Buy Your First Home in 8 Steps: Step 1


Buy a Home in 8 Steps

A Guide for First-Time Homebuyers

Navigating the home buying process can be difficult and stressful whether you're a first-time buyer or have purchased multiple homes. The best way to avoid becoming overwhelmed is to be educated.

Buyer's who are well prepared and organized, no matter the type of market, will be in a better position to get the home of their dreams by following these steps.

This week we will begin with Step 1.


The key to buying a home is knowing how much you have to spend on a home. 

A mortgage lender will verify your income and ask for copies of your most recent bank statements and find out what your debt to income ratio is. Not all lenders will run your credit history! 

What Lenders Look For

Lenders look for steady employment history, consistent income, and debt to income ratio, roughly 45%. Debts are things like car payments, credit cards minimums, child support payments, student loan payments, etc. To figure out your debt to income ratio, add up your monthly bills and then divide by your gross monthly income.

Pre-Approval vs. Pre-Qualification

Depending on the lender, they will either issue a pre-qualification or a pre-approval.  

  • A pre-qualification is a general idea of what you could qualify for without doing a credit check. It is an estimate. 

  • A pre-approval is a complete look at the borrower's credit history. The lender will perform a credit check, look for outstanding debts, collections or liens.  

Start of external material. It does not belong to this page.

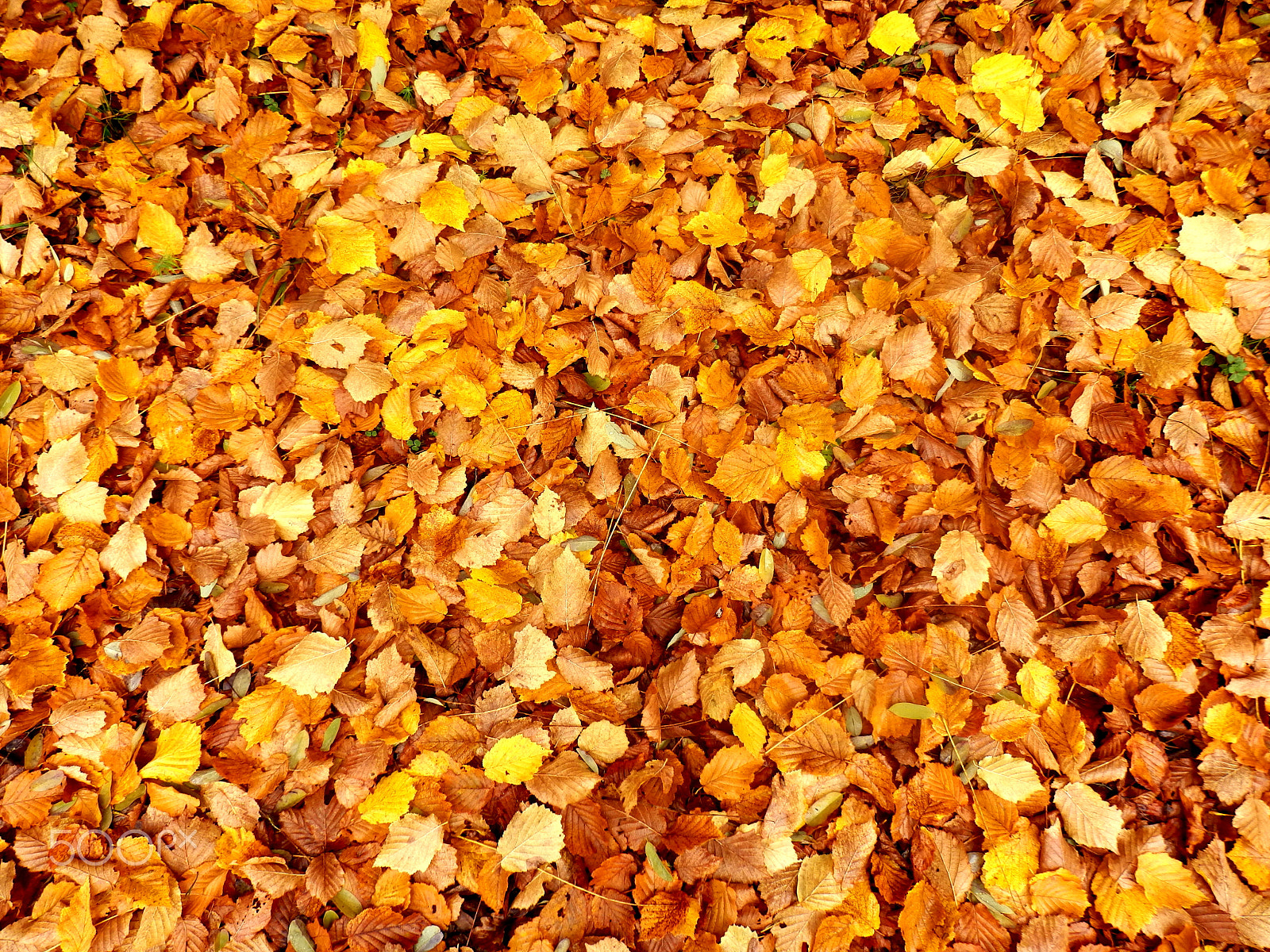 Olympus SZ-31MR sample photo. Autumn leaves photography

Upon approval the mortgage lender will determine how much you’re able to borrow, and what loan you qualify for. The lender will also explain your down payment amount, closing costs, and what your interest rate will be. 


If you don't qualify, the lender will explain what you can do to clean up your credit so you can buy a home soon.

You can request your credit report for free and up to 3 times a year here: www.annualcreditreport.com

Does an Approval Matter to Your Realtor?

YES! Unless you are paying cash, the loan you qualify for matters to the Real Estate Agent. The type of loan accepted is listed on the listing itself. Some homes accept VA and FHA while other homes accept Cash or Conventional loans. Very few homes will accept all loans. 
 
To find what loans are accepted on homes you are interested in, look at the “Listing Terms” under the “ Listing/Contract Information” Section or in the “Other Facts” Section. Or, ask your agent. 
 
Buying a home is the biggest purchase you will make in your lifetime. Knowing what you qualify for makes it easier when you want to make an offer.  Buyer's who are well prepared and organized, no matter the type of market, are in a better position to get the home of their dreams.

Recap:

  • Meet with a Mortgage Broker. 

  • Determine the type of loan you qualify for, your down payment, & interest rate.

  • Your broker will issue a Pre- Approval letter good for 90 days.

  • Having a pre-approval letter puts you one-step ahead of others.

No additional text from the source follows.